Categories for established disorders such as bipolar or schizophrenia are expected to be stable over time and recent meta-analyses have relatively good diagnostic stability for schizophrenia, rather good for bipolar disorder, and less satisfactory for schizoaffective disorder.1,2 But lack of stability may simply reflect clarification over time with course data rather than challenging the validity of the diagnostic class. This is surely the case when diagnostic change is within the same psychopathology spectrum. Moving from schizoaffective to schizophrenia overtime may represent greater affect pathology in early course of schizophrenia. But an initial schizoaffective disorder diagnosis in a person with bipolar disorder may be associated with suboptimal therapeutics early in the course of illness.

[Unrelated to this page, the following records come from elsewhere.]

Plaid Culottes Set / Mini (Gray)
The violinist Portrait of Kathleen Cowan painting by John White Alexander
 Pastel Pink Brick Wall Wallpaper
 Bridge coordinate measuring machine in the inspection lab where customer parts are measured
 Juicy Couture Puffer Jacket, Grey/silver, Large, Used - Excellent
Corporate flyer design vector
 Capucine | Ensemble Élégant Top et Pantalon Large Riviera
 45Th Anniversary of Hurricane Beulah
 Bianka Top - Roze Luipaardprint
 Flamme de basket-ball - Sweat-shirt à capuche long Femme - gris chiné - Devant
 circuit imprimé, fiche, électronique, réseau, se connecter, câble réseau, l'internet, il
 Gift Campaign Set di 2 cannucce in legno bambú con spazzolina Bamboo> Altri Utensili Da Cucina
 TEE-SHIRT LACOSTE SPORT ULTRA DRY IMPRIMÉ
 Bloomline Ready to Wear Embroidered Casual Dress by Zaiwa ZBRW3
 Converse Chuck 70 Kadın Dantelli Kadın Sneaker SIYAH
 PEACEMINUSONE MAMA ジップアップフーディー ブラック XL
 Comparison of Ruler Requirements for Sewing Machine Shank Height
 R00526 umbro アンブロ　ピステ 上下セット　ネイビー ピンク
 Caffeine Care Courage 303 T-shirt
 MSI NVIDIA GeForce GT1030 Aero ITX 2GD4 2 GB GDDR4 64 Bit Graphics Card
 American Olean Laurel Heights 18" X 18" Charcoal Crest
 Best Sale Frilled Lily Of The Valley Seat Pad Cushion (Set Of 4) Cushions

With rapidly growing attention to early detection and intervention related to schizophrenia spectrum, bipolar and major depression disorders a new diagnostic challenge emerges.3,4 The approaches to diagnosis noted above may provide a diagnostic code useful in clinical practice, but these provisional and uncertain diagnostic categories are not useful in the acquisition of knowledge. Scientific advance is dependent on meaningful patients/participants cohorts. We have advocated elsewhere for the concept of place-holder diagnoses to address this need in relation to the clinical high risk studies relevant to the schizophrenia prodrome5,6 and this has been debated.7 The concept of “place-holder” in this context is 2-fold. First is to enable investigation of a meaningful cohort of individuals manifesting specified psychopathology that is not adequately addressed by existing diagnostic categories. Second is to enable translation of research to individuals in clinical care by clarifying to whom research findings generalize. Uncertainty as to the later diagnostic outcome is explicit, but so are the inclusion and exclusion criteria used in defining the category.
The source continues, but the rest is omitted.